→ What you will do:
From the line containing "Vinnova Gela 36-inch" through the last line below, copy every line exactly, leaving out the pictures.
=== Dataset section ===
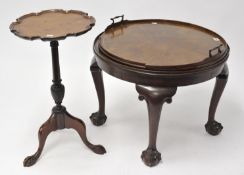 A mahogany tripod wine table and a low mahogany try top table, 58cm diameter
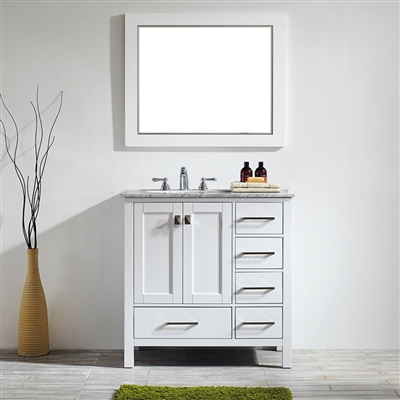 Vinnova Gela 36-inch Single Vanity in White with Carrara White Marble Countertop With Mirror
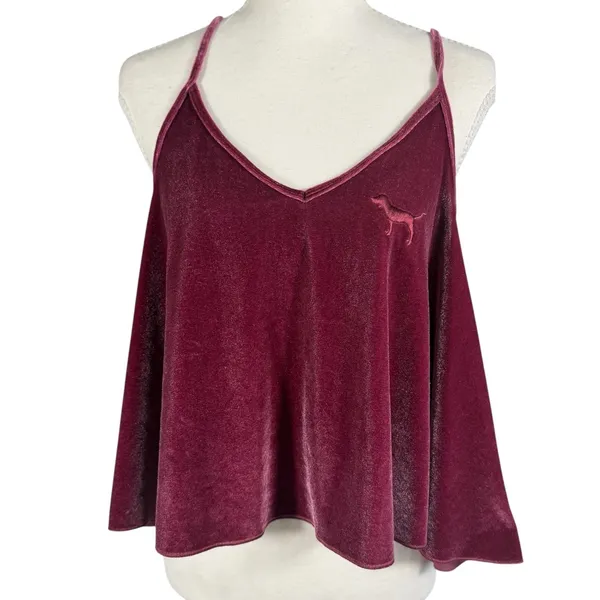 PINK Victoria's Secret Velvet Cami Womens M Burgundy Swing Spaghetti Strap Dog - Image 4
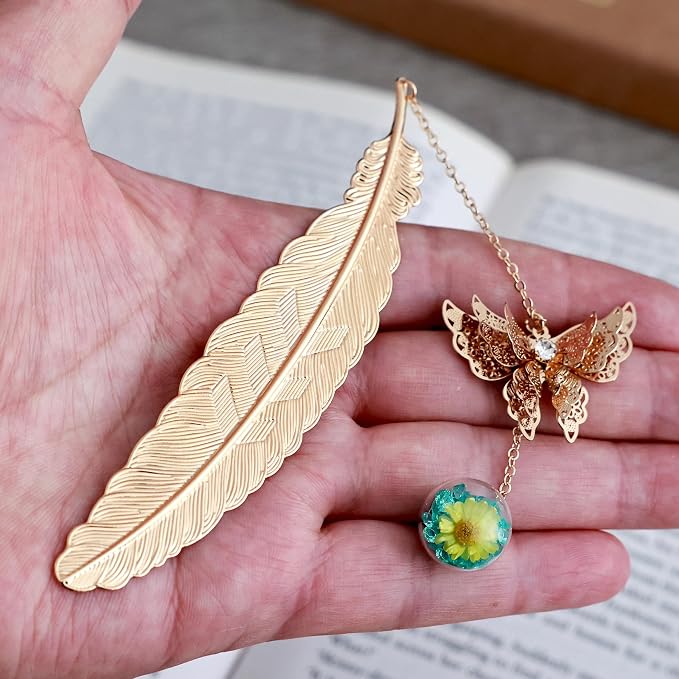Teacher Appreciation Gifts for Women - Metal Feather Bookmark with 3D Butterfly Charm – Mother’s Day Gifts for Mom, Thank You Gifts, Book Lover Gift Under 10 Dollars, Gift Box Included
===
→ The completed task:
 Vinnova Gela 36-inch Single Vanity in White with Carrara White Marble Countertop With Mirror
 PINK Victoria's Secret Velvet Cami Womens M Burgundy Swing Spaghetti Strap Dog - Image 4
Teacher Appreciation Gifts for Women - Metal Feather Bookmark with 3D Butterfly Charm – Mother’s Day Gifts for Mom, Thank You Gifts, Book Lover Gift Under 10 Dollars, Gift Box Included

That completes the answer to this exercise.